---------- Given records ----------
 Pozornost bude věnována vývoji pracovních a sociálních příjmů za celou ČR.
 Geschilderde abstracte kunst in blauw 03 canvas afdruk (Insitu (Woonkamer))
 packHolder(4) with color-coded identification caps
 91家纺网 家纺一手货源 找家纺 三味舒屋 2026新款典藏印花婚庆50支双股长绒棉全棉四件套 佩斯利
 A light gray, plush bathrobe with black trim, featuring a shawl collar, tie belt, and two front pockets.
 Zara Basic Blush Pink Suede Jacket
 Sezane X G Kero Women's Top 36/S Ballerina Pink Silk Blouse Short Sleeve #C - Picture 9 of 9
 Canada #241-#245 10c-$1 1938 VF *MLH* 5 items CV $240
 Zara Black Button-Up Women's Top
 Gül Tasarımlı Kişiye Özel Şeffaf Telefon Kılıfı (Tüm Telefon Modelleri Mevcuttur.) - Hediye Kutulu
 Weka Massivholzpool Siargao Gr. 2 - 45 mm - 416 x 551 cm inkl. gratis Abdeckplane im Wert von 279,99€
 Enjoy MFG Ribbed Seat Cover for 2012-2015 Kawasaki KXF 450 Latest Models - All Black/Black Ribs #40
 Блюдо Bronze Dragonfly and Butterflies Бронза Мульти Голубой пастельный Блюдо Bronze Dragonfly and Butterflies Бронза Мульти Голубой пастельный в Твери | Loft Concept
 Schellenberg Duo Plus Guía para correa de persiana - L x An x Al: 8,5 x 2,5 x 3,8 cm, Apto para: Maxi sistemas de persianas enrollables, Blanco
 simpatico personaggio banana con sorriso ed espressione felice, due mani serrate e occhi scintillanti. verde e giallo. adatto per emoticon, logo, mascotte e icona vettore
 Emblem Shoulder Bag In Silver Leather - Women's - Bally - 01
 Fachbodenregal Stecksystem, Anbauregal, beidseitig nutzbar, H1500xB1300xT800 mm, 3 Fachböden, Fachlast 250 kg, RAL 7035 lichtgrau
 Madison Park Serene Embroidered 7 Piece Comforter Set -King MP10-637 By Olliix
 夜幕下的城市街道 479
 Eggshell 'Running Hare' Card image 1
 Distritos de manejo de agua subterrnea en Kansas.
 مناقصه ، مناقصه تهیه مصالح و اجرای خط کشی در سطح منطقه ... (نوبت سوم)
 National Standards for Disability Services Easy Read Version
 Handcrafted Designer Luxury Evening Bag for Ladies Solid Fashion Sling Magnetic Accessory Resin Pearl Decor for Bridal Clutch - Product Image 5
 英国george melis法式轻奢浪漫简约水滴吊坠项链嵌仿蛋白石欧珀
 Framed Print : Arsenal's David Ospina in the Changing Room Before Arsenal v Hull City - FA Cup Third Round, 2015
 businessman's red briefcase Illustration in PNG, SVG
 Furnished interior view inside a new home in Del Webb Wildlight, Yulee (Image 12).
----------
— Your goal —
Wherever a line holds the word "with", copy that line out of the entries above.

— Answer area —
 packHolder(4) with color-coded identification caps
 A light gray, plush bathrobe with black trim, featuring a shawl collar, tie belt, and two front pockets.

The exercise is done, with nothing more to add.